OREANDA-NEWS. December 19, 2011. The EBRD is continuing its efforts to develop local currency lending and local currency capital markets by arranging the first ever syndicated loan in the Kyrgyz Republic, which is also the first syndicated loan in the local currency (som), reported the press-centre of EBRD.

The EBRD has arranged the loan for one of its non-bank microfinance clients – Mol Bulak Finance – which provides small loans in remote areas. The syndicated loan will be for the Kyrgyz som equivalent of USD 9 million comprising an A-loan for the EBRD up to USD 3 million and a B-loan for FMO (the Netherlands Development Finance Company) of up to USD 6 million.

The syndicated loan has been arranged under the EBRD Kyrgyz Financial Sector Framework, designed to support sustainable development of the Kyrgyz banking sector and to provide financing to micro, small and medium-sized enterprises (MSMEs).

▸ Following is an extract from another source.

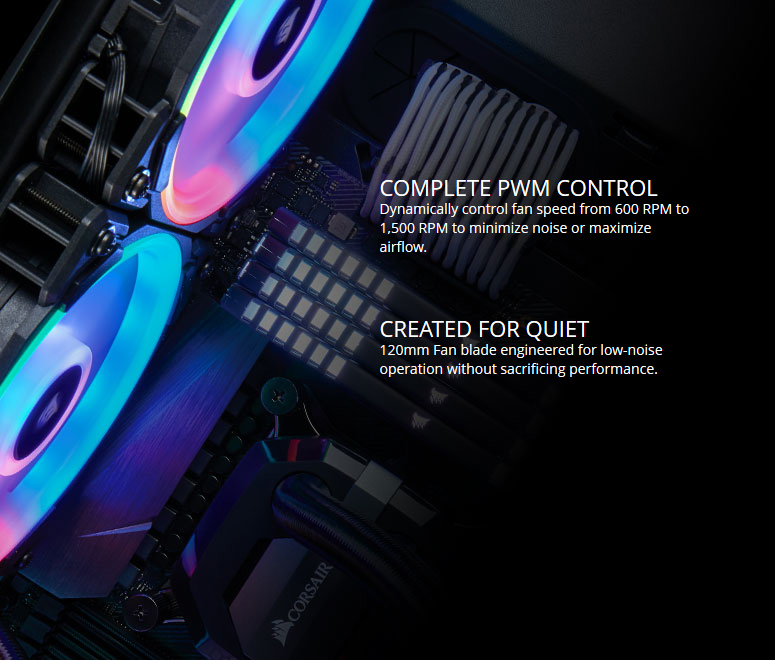 Corsair LL120 RGB Fans 3-Pack Renewed - Black Dual Light Loop PWM PC Cooling Fans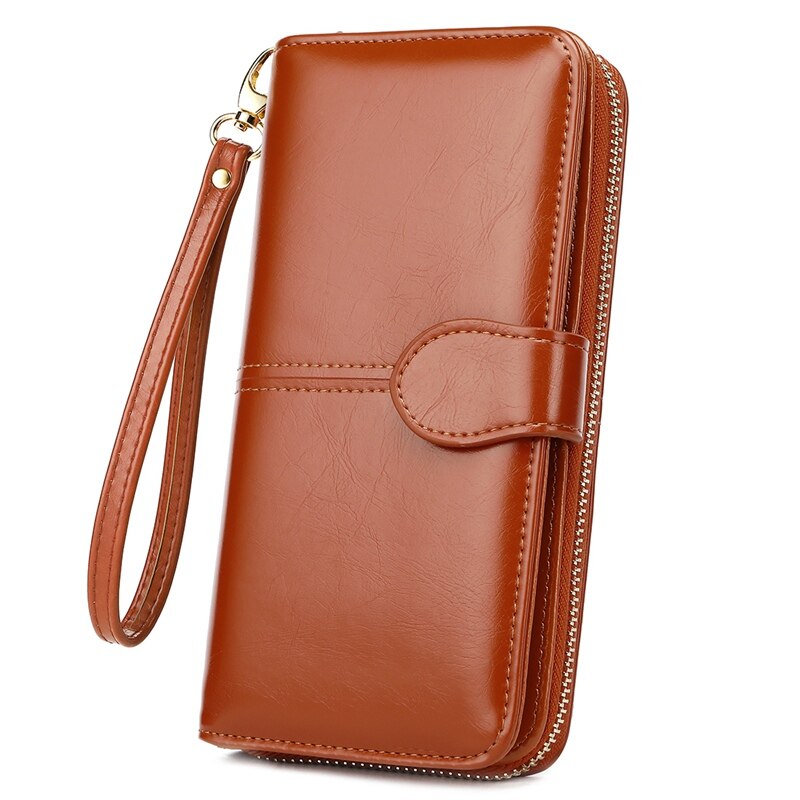 VICUNA POLO Brand Waxy Oil Leather Card Holder Wallet For Women Large Capacity Travel Ladies Wallet Clutch Wristlet Wallets: Brown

With this three-year senior loan, the EBRD is increasing the availability of medium-term local currency lending to entrepreneurs in Kyrgyz Republic, especially in the country’s remote rural areas, and helping them avoid taking on currency exchange risks.

According to the recently approved new EBRD country strategy for the Kyrgyz Republic, the EBRD will aim to extend local currency lending in order to build up local sources of domestic funding and reduce the use of foreign exchange in the country’s financial system. This is particularly important for microfinance institutions, which historically have received only foreign exchange funding, but have constrained hedging opportunities and remain limited by law to lend solely in local currency.

“This Kyrgyz som loan is part of the EBRD’s strategy to boost local currency lending, deepen local capital markets and reduce systemic foreign exchange risk in the EBRD’s countries of operations,” says Christopher Clubb, Director of the Early Transition Countires Initative.

To date, the EBRD has committed about USD 450 million in various sectors of the Kyrgyz economy, mobilising additional investments of about USD 650 million in over 70 projects. Some 84 per cent of the Bank’s projects have been investments in the development of the country’s private sector.